Peter and Paul Fortress, Church on Spilled Blood and Catherine's Palace
Saint Petersburg Travel Blog› entry 14 of 17 › view all entries
July 27th, 2006 – by: portia
In the morning we went to visit Peter and Paul Fortress. It was the original center of the city, across the Neva river from the Winter Palace (now the Hermitage Museum). Built on a small island, it has the Peter and Paul Cathedral, with its golden tower which had been the tallest structure in St Petersburg until the 20th century, the burial place of the tsars and their families since Peter the Great.
We visited the cathedral of Peter and Paul, where we saw the marble or other stone sarcaphagouses which were place on the floor, enclosed in iron fences. The marble columns of this cathedral was painted, not real marble, supposedly to save money, but they looked real enough.
Outside the cathedral is a small boat house, now a souvenir shop.
We drove around the fortress and back onto a bridge to cross the Neva again to the south. We could see a small sandy beach on the island outside the Fortress, there weren't many swimmers today. But in winter, the members of the Walrus swimming club break the ice in the Neva and go for an icy swim!
Next up was the Cathedral on Spilled Blood (the Resurrection Church of Our Savior), so named because it was built in 1883 on the spot where tsar Alexander II was assassinated. The church was even more beautifull than St Basil's in Moscow. Its exterior and interior were covered in breath-taking mosaics made from 20 types of minerals, including jasper, and lots of gold leafs too.

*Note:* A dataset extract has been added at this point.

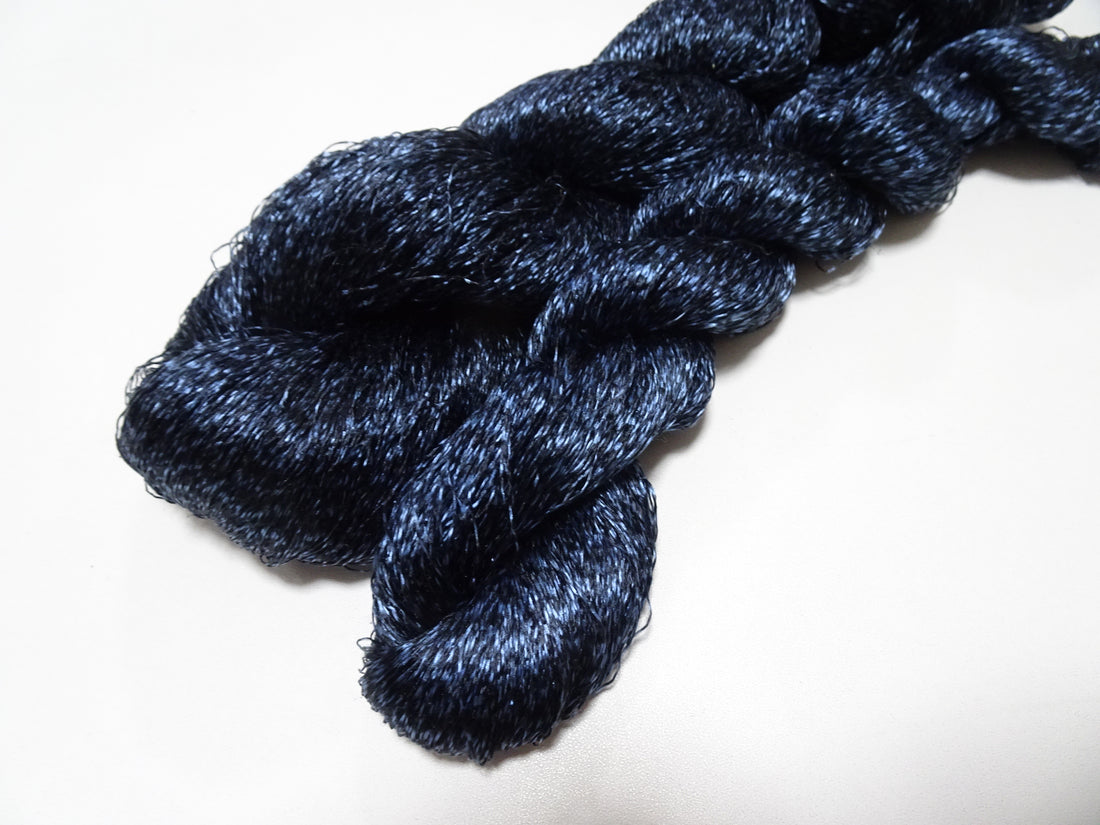 Japanese Vintage Super Rare Indigo Mud Dyeing Kasuri loose Twisted Silk Thread 2sets Embroidery & weave 13621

After lunch on our own, we gathered in the afternoon for a tour to the town of Pushkin (used to be called Tsar's Village, Tsarskoe Selo). Its main attraction was Catherine's Palace. This was actually the summer palace built by Tsarina Elizabeth (Peter the Great's daughter), named to honor her mother Catherine I. Later Catherine II (the Great) also added to the palace. The palace, being outside of St Petersburg, was actually destroyed by the Nazis during WWII. Most of its treasures were stored safely elsewhere, but the buildings were in ruins. Looking at photos of the palace after WWII, it was hard to imagine that it could be restored.
Tsarina Elizabeth was called Elizabeth the Spender! Her taste can be seen as elaborate gold everywhere. The outside of the palace where now were painted in gold paint, used to be gold-leafed! Catherine the Great was not so wasteful, and did not use gold as much. The Great Hall inside Catherine's Palace was big and filled with light because of its windows on both sides, floors were parquet wood. Other rooms had red or green silk on the walls. The picture gallery had floor to ceiling paintings, a strange way to display paintings.
A lot to see in a day. We had dinner at the hotel restaurant, enjoyed our meal with the restaurant's live violinst and guitarist.